### WORK TASK:
Would you retype the lines from the one that holds "Elegant Namaste Violet" to the final line of the entries below, both ends included and exactly as written, but without pictures?

### THE DATA:
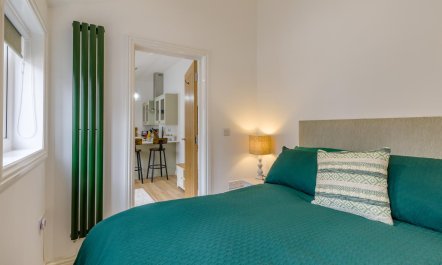 1 Bed in Overstrand 8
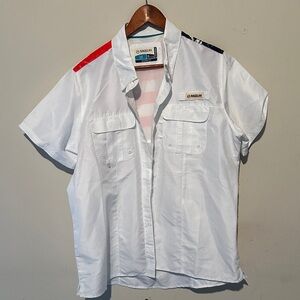 Magellan Outdoors White Short Sleeve Casual Shirt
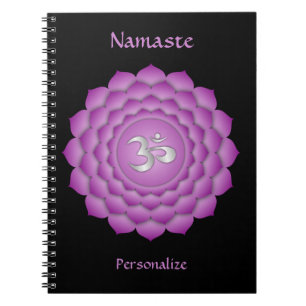 Elegant Namaste Violet Krona Chakra Personalize Anteckningsbok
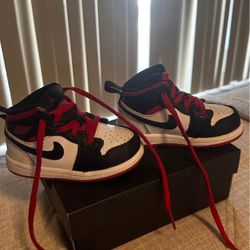 Toddler Jordan 1 Mid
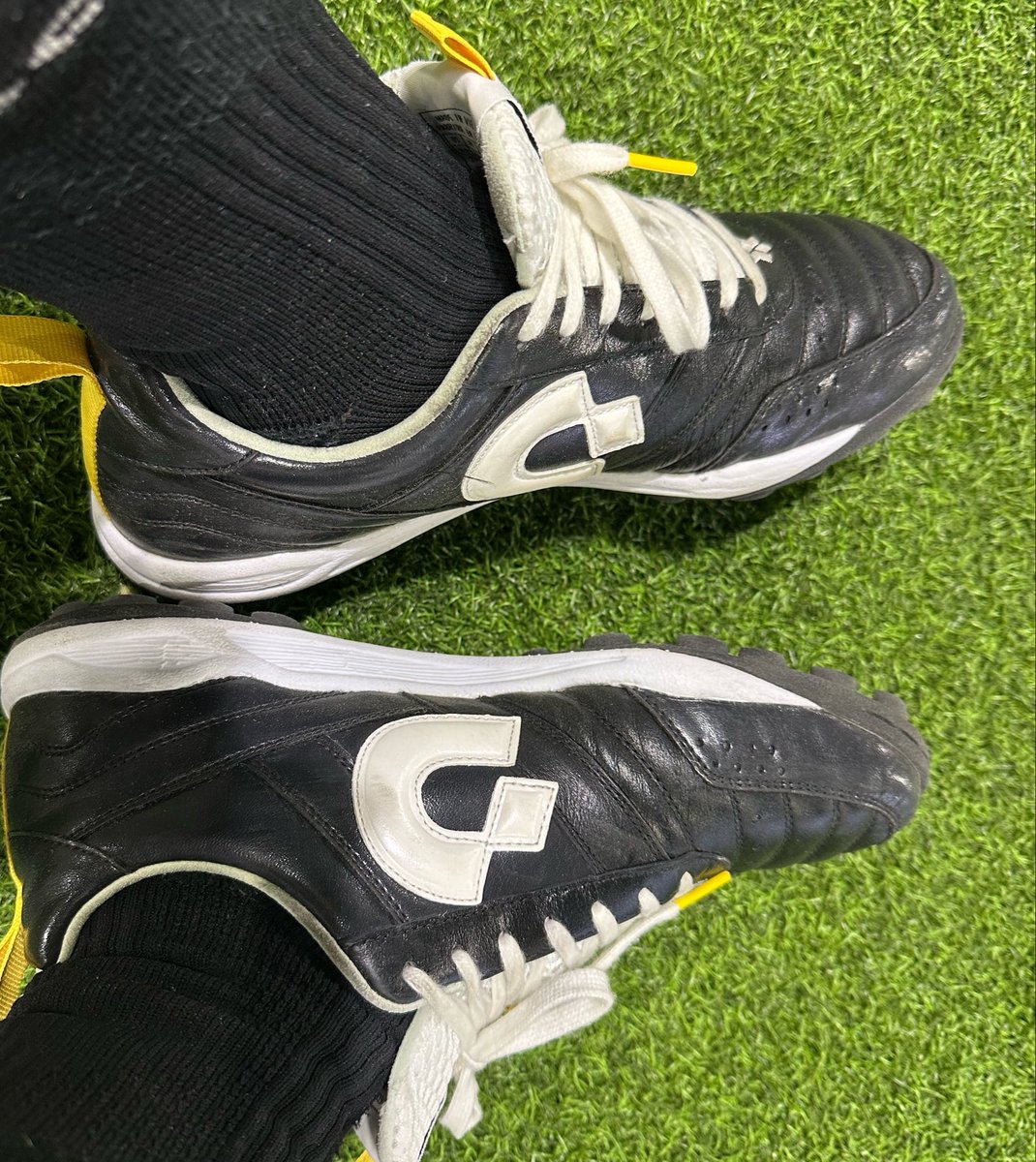 nutfutsal's tweet photo. 久しぶりの人工芝。
ゴムチップ少なめで人工芝もあんまりつかなかったからよかった。 https://t.co/nPMfUkNFTC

### SOLUTION FOR THIS EXERCISE:
 Elegant Namaste Violet Krona Chakra Personalize Anteckningsbok
 Toddler Jordan 1 Mid
 nutfutsal's tweet photo. 久しぶりの人工芝。
ゴムチップ少なめで人工芝もあんまりつかなかったからよかった。 https://t.co/nPMfUkNFTC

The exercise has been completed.